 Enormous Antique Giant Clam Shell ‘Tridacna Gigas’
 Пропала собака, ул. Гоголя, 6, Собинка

^^^^^^^^

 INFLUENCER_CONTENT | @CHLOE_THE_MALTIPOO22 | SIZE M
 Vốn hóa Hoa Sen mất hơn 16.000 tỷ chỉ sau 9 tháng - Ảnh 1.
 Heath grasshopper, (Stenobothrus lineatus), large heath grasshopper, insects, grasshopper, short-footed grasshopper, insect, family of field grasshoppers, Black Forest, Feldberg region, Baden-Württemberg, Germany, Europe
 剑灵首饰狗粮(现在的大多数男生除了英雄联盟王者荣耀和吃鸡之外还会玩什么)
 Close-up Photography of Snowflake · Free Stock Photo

^^^^^^^^

Exercise description >>
Retype word for word everything in the listing above from the line that holds "Enormous Antique Giant" down to the line that holds "Пропала собака, ул. Гоголя, 6, Собинка". Keep both end lines and leave out the rest.

Response below >>
 Enormous Antique Giant Clam Shell ‘Tridacna Gigas’
 Пропала собака, ул. Гоголя, 6, Собинка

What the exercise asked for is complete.